Avec La Bête aveugle, Yasuzō Masumura reprend ses thèmes de prédilection, l’infirmité et la frustration masculine, la soumission et la puissance féminine, l’érotisme et la violence en poussant les curseurs de son cinéma jusqu’aux limites du grotesque. Il en résulte un huis-clos parfaitement anxiogène où l’emphase dramatique est tempérée par une mise en scène de la suggestion, aussi perverse que son protagoniste.
Un Mont Rushmore érotique
On comprend mieux, après avoir vu ce film, pourquoi Masumura est souvent cité comme précurseur de la nouvelle vague japonaise, son travail annonçant plus précisément celui de Nagisa Ōshima. La Bête aveugle pourrait alors passer pour un brouillon cheap de L’Empire des sens. Au jeu des références, impossible de ne pas penser, à la vue de cet extraordinaire décor que constitue l’atelier de l’artiste dans lequel se déroule le huis-clos, à la machine citrouille de Je t’aime, je t’aime, le film d’Alain Resnais. La découverte de l’atelier dans lequel Michio, sculpteur aveugle séquestre Aki, le fantasme du modèle parfait grâce à qui il entend réaliser son chef d’oeuvre, est une grande séquence de cinéma. Le spectateur découvre, en même temps que la jeune fille, une sorte de boyau souterrain où l’art rupestre aurait cédé la place au surréalisme. À la galerie des nez, succède celle des bouches, à celles des jambes fait suite celle des seins, autant d’ébauches qui témoignent de l’obsession de l’artiste pour le corps féminin. Il faut attendre la lumière et un plan général pour comprendre que ces murs entourent deux gigantesques sculptures caoutchouteuses représentant une femme allongée sur le dos et sur le ventre. Une sorte de Mont Rushmore érotique sur lequel Michio et Aki vont successivement batailler, travailler, s’aimer et perdre la raison.
Façon puzzle
Chez Musumura, l’homme détient le pouvoir, il est en position de domination mais il est toujours incomplet. Michio, aveugle de naissance et fils à maman, n’est qu’une autre incarnation de ce « monstre » après le docteur Okabe de L’Ange rouge, morphinomane qui a perdu sa virilité ou du maître Gonji qui croit posséder Otsuya mais la transforme en maléfice vivant dans Tatouage. Aki imagine diverses stratégies pour s’évader mais se heurte à la mère cerbère qui a offert à son fils cet atelier, antre de leur folie complice. Elle comprend alors qu’elle doit feindre de séduire Michio pour séparer mère et fils. Les renversements psychologiques sont évidemment trop exagérés pour ne pas tirer le film vers la comédie bouffonne mais c’est aussi cette légèreté qui permet de distancier la violence afin de la rendre supportable.

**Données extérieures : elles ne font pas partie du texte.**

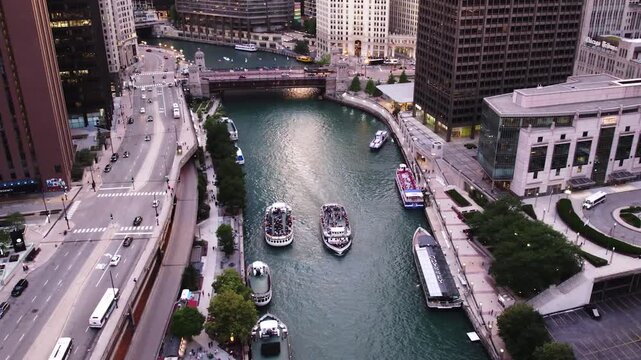 High aerial drone view over the Chicago River with tour boats, bridge traffic, riverfront buildings, and downtown streets during evening light.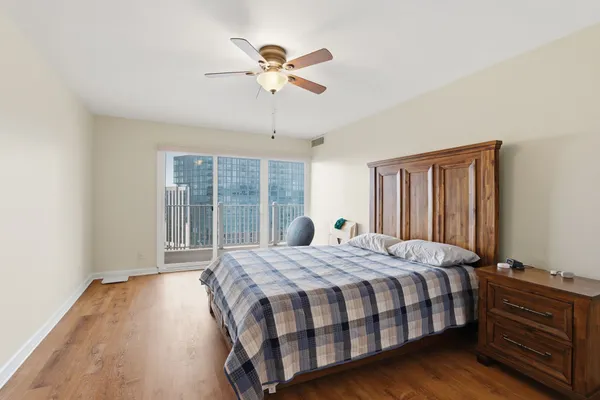 a bedroom with a bed a window and chandelier
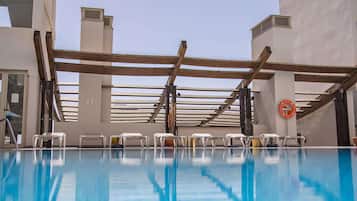 Piscine extérieure, parasols de plage, chaises longues
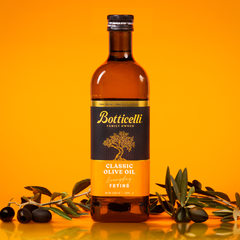 Bottle of Botticelli frying olive oil with olives on an orange background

La mise en scène participe aussi de ce mouvement de modération. Les combats sont chorégraphiés, l’érotisme ultra soft et la violence toujours laissée hors champ – Masumura fait son miel des rotondités du décor – jusque dans le climax final avec l’idée fantastique de transférer les mutilations sur la statue d’Aki par un effet d’assimilation qui dit l’état de folie dans lequel les amants masochistes escaladent sans retour l’échelle du plaisir. La Victoire de Samothrace, en comparaison, peut se targuer de tenir debout. Morsures, écorchures et autres joyeusetés bondage auront auparavant constituées la gamme des délices perverses du couple que seule la mort pourra délivrer.
Ce qui trouble sans doute le plus fort dans La Bête aveugle, c’est la manière avec laquelle on glisse de la violence psychologique à la volupté physique, de l’art à la vie, pervertissant les ressorts classiques du syndrome de Stockholm. Autre source de profond trouble pour le spectateur de l’Institut Lumière : la mise en abîme du Hangar (du Premier-Film) plongé dans l’obscurité, les yeux grand ouverts. Cinéphilie, allégorie : désir, délire, délice.